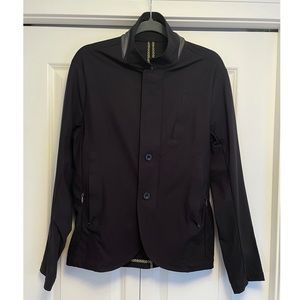 Lululemon Men’s Black Jacket, Small Athletic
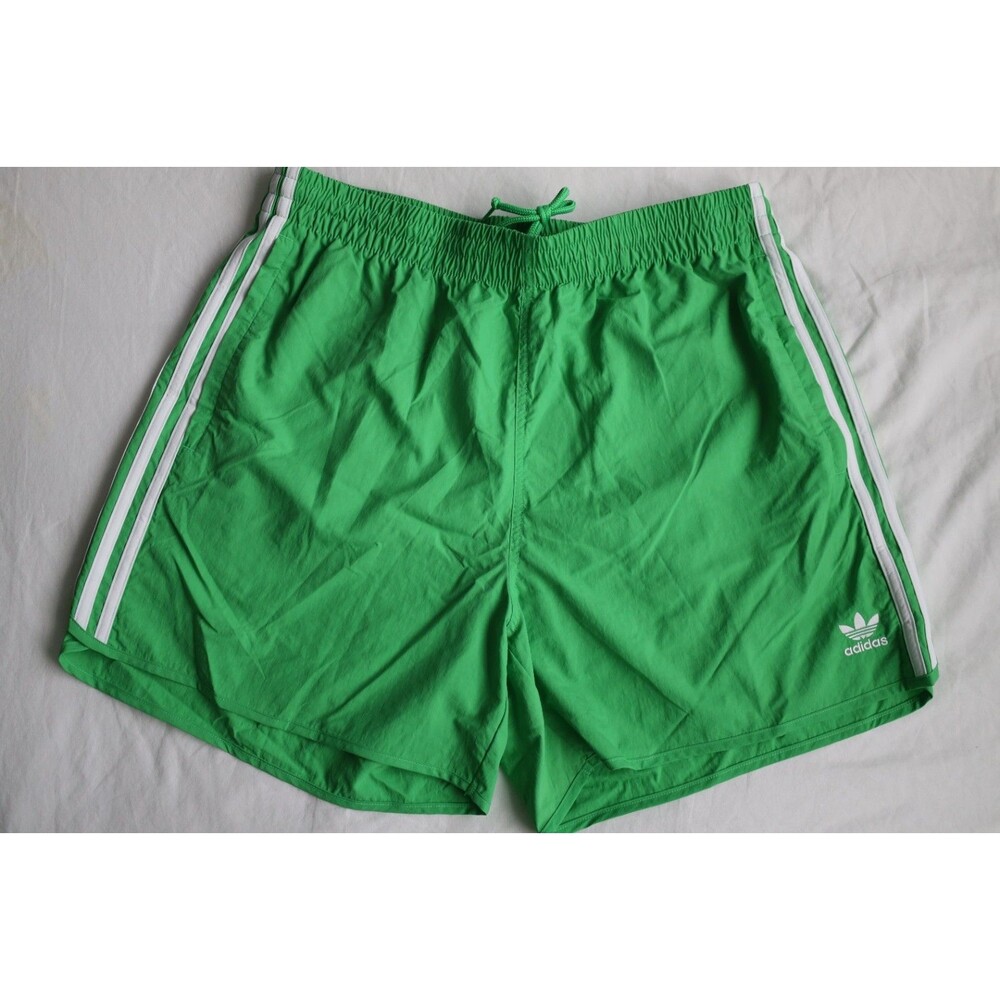 adidas Adicolor Classics Sprinter Shorts Men's XL Energy Green KA5060 NWT $45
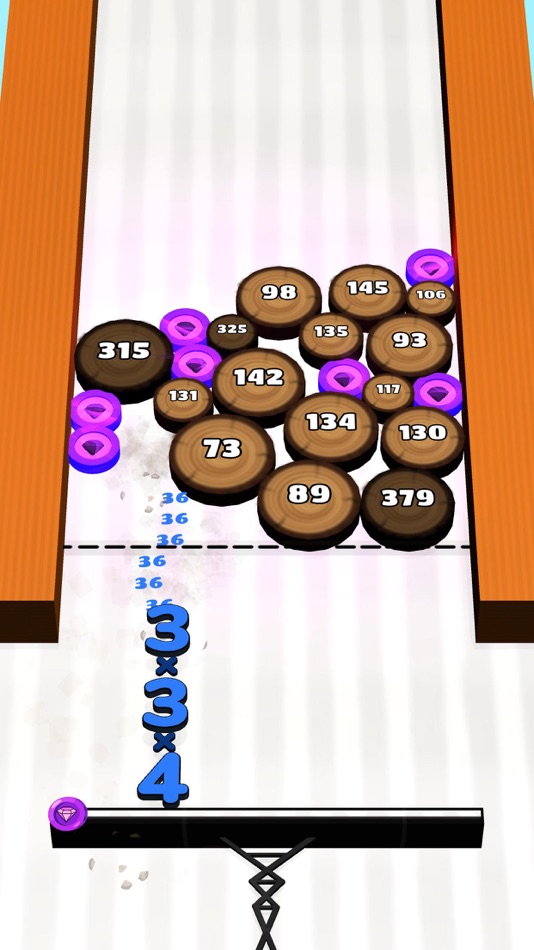 #5. Merge N Break (iOS) Podle: Shenal Mendis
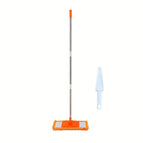 Orange Mop + White Cleaning Brush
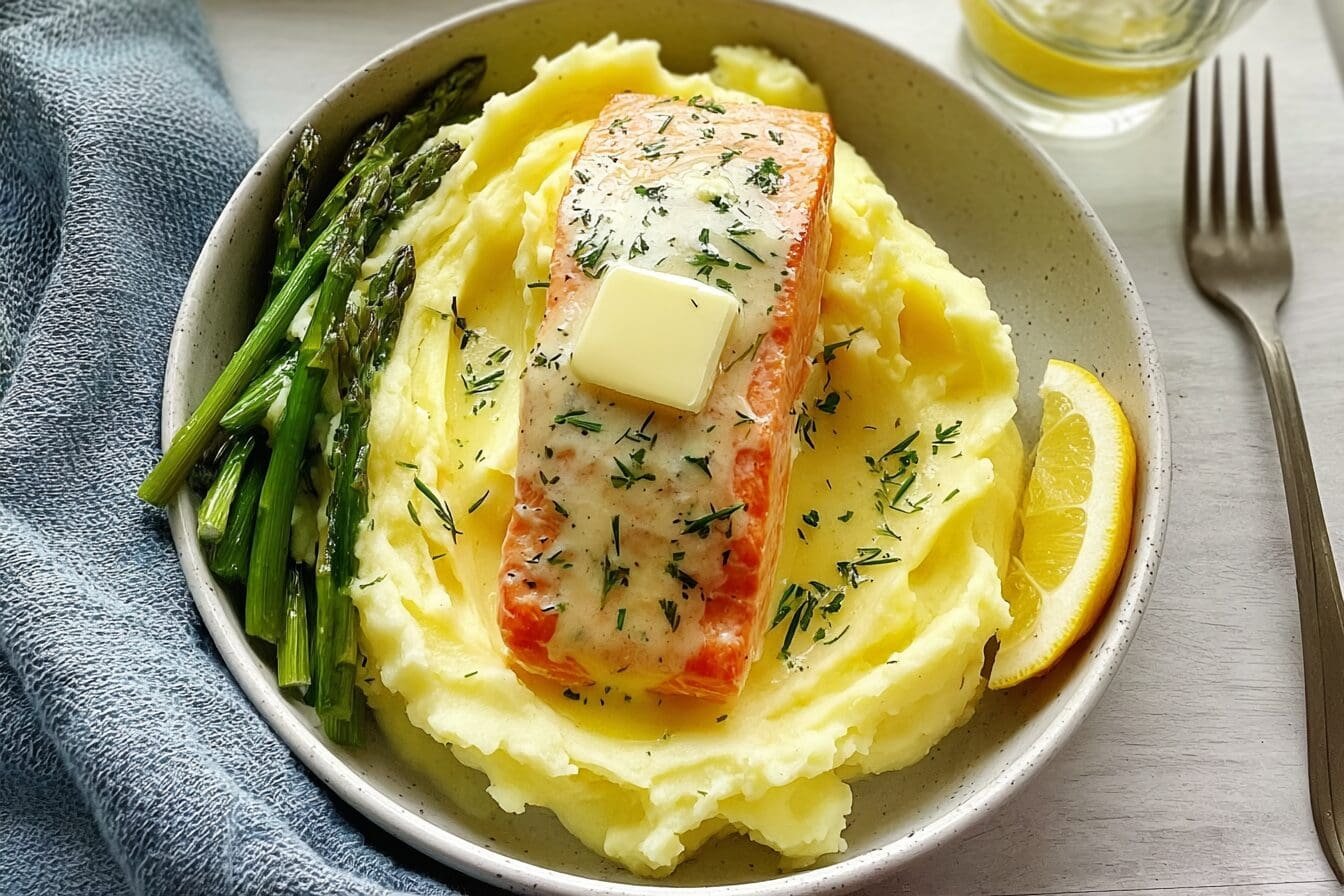 Garlic And Herb Buttery Mash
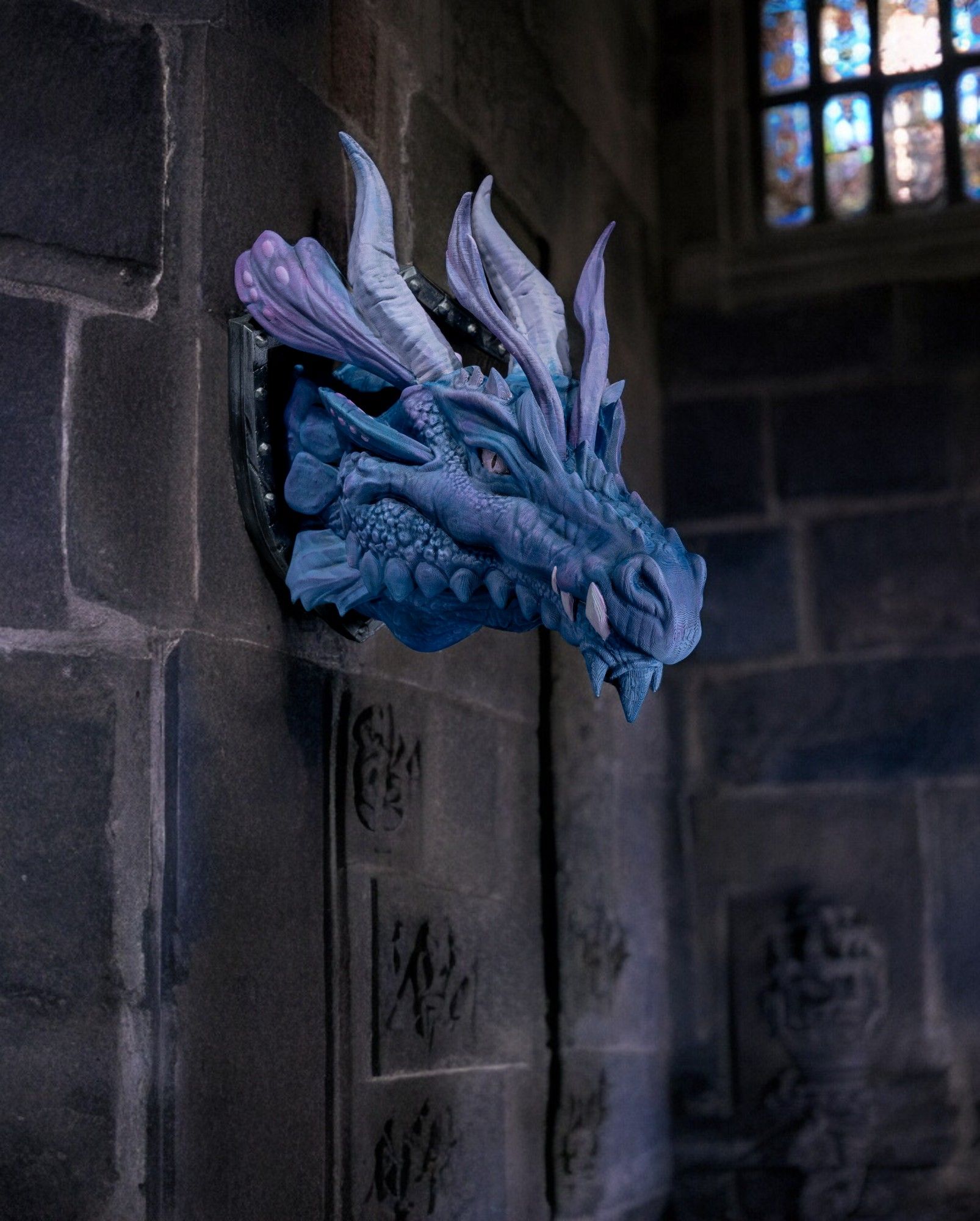 Faerie Dragon Trophy | Wall Mounted Dragon Head - Image 4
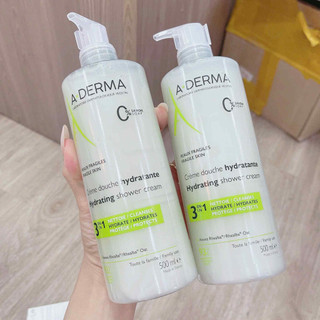 Sữa tắm ADERMA giảm ngăn ngừa mụn lưng  Mẫu mới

§ Action item
Print nothing except the lines from the one with "#5. Merge N Break (iOS) Podle: Shenal Mendis" through the last line of the listing, exactly as written and with pictures removed.

§ Result for this task
 #5. Merge N Break (iOS) Podle: Shenal Mendis
 Orange Mop + White Cleaning Brush
 Garlic And Herb Buttery Mash
 Faerie Dragon Trophy | Wall Mounted Dragon Head - Image 4
 Sữa tắm ADERMA giảm ngăn ngừa mụn lưng  Mẫu mới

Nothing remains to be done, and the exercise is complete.